IOC President Thomas Bach (right) and Jack Ma, chairman of Chinese e-commerce giant Alibaba Group, celebrate the company’s new Olympic partnership in 2017.
Photo: ap images

Midway through a major evolution in its sponsorship portfolio, the International Olympic Committee is welcoming three new global sponsors at once in Pyeongchang. 

 

That’s a double-edged sword for the local Korean organizers and the IOC, who depend on enthusiastic corporate marketers for some of the heavy promotional lifting, said Rob Prazmark, the former IMG executive who sold Olympic sponsorships in the 1990s and 2000s.

 

“You love first-time sponsors because they’re into it — they throw everything at it,” Prazmark said. “It’s a new, shiny thing and they really, really get behind it.

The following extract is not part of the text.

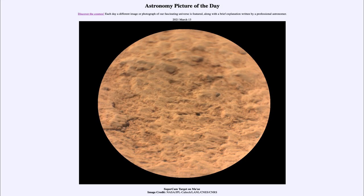Greetings and welcome to the introduction to astronomy. One of the things that I like to do in each of my introductory astronomy classes is to begin the class with the Astronomy Picture of the Day from the NASA website, that is apod.nasa.gov/apod.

It’s getting into the second- or third-contract renewal period that’s the most difficult. Then the bloom is off the rose.”

 

On the other hand, they’re still learning and likely see the relatively small, relatively obscure Pyeongchang Games as a trial run for the really big show, the 2020 Tokyo Summer Games, where they’ll be tested in a much higher-stakes environment.

 

“It’s a smaller Games and they can test their theories, strategies and tactics,” Prazmark said, “Because they’ll really throttle up for Tokyo, and take their key learnings from Pyeongchang and apply it there. Tokyo is going to be a major, major event. Then you’ve got Beijing and China, massive market.”

 

The IOC hasn’t welcomed multiple new global sponsors at a Winter Games since 2006, when General Electric and Lenovo first started. Much like today, those deals were seen as more focused on the Summer Games two years later in Beijing than the Torino Winter Games in Italy. 

 

The three new sponsors — Toyota, Intel and Alibaba — are each in a different spot. Toyota signed in early 2015 and has had the time to assemble a full-fledged, global marketing campaign to exploit the Olympics, even though it won’t be providing cars on the ground.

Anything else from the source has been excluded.